Re: branch-free tuplesort partitioning

John Naylor Mon, 10 Feb 2025 00:19:22 -0800

I benchmarked this a couple weeks ago, and just now got around to
putting the results in a presentable form.

I took some of the more interesting cases from the B&M test Peter
shared upthread (best and worst performers in a quick test) and ran
them with a range of "m" values.

This is exploratory work, so the attached script doesn't quite
correspond to what's in the spreadsheet, but it gives some idea of the
details. I used 1 million records for everything, with prewarm and
turbo off.

-Random with modulus
This is the best case, beating our current sort on all but the lowest
cardinality inputs (which are only slightly slower).

-Sawtooth
This is the worst case, worse for all saw sizes. The case with 30 saws
is particularly bad. I tried adding a recursion stopping heap sort,
but that made things worse. I had hoisted the presorted check out of
the recursion steps because it used the full comparator (for
simplicity), and adding back a specialized check for every recursion
helped somewhat, but not enough to matter.

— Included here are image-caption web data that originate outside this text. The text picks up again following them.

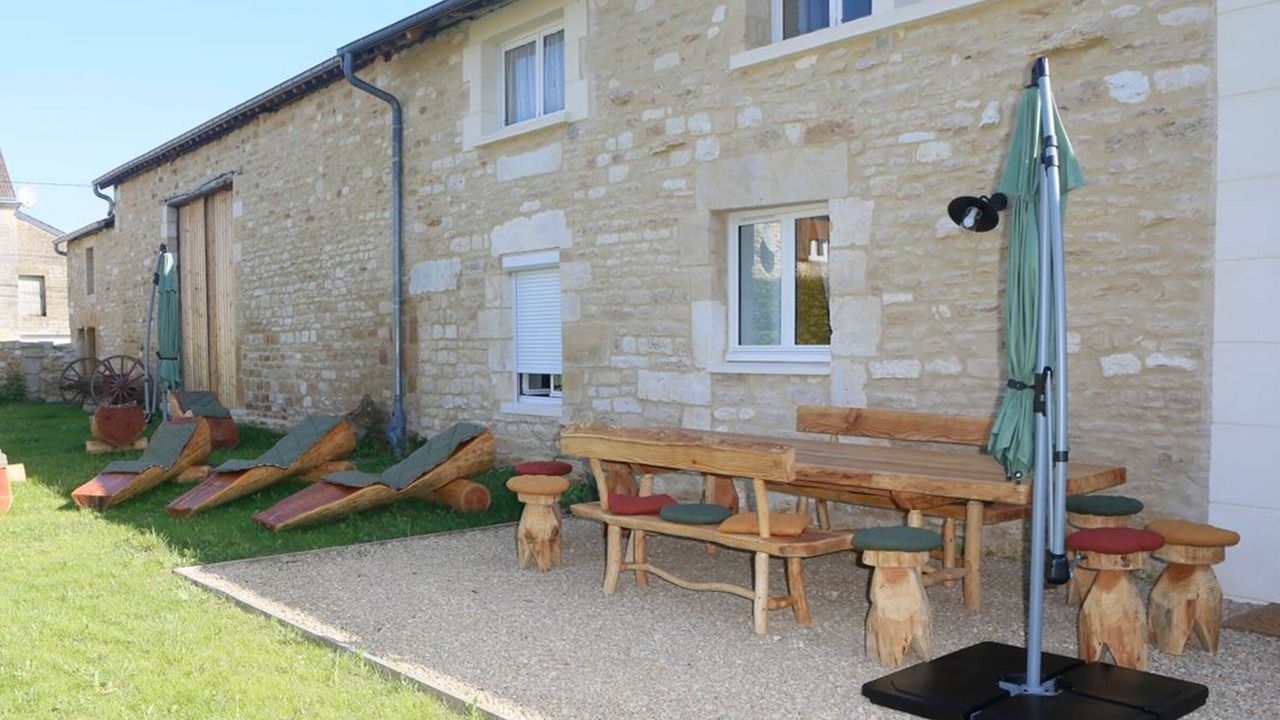 Photo of Outdoor in Bulson
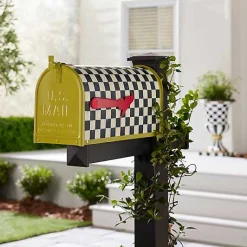 Courtly Check Mailbox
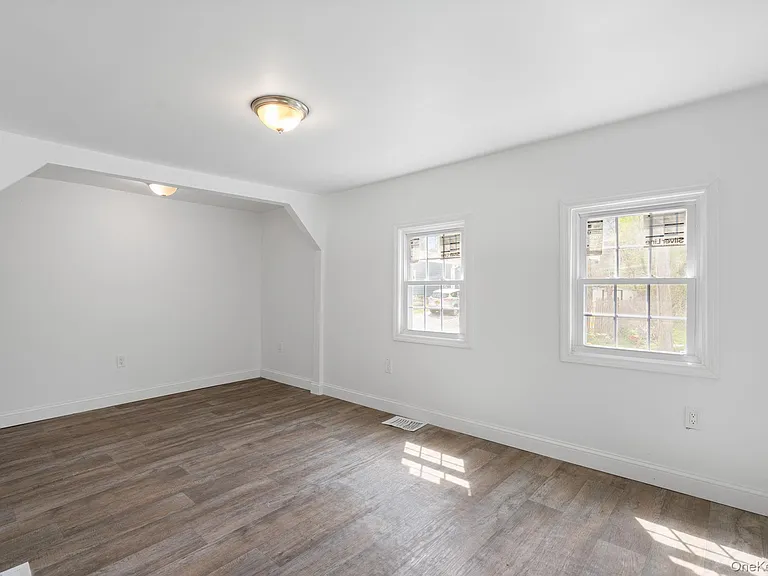 2 Benview Rd — Photo 1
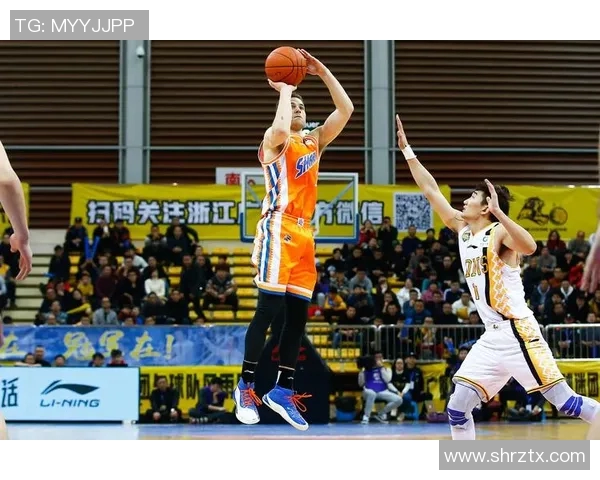 深入分析上海篮球队的进攻战术与球队整体表现的关系 深入分析上海篮球队的进攻战术与球队整体表现的关系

-Stagger [value = (i*multiplier + i) % num_records]
No clear winner here.

-Miscellaneous cases
Random and ascending are repeated in the spreadsheet for reference.
-Zipfian is from the numpy random number generator using 1.01 as the
parameter. Patch looks good here.
-"s95" is 95% ascending with 5% random tail. This regresses a bit.
-"p5" is a best case for our current sort: 95% zeros, 2.5% random
negative values, and 2.5% random positive values. The first pivot is
pretty much guaranteed to be zero, so in master all zeros are moved to
the middle partition upon first recursion. The patch takes two passes
to bucket all zeros together (because branchless comparisons with
single machine instructions must be 2-way and not 3-way), but in the
grand scheme of things it amounts to only a small regression.
-Organ regresses substantially.
-Descending regresses but not as much as I expected since descending
input is supposed to be a bad case for Lomuto partitioning schemes.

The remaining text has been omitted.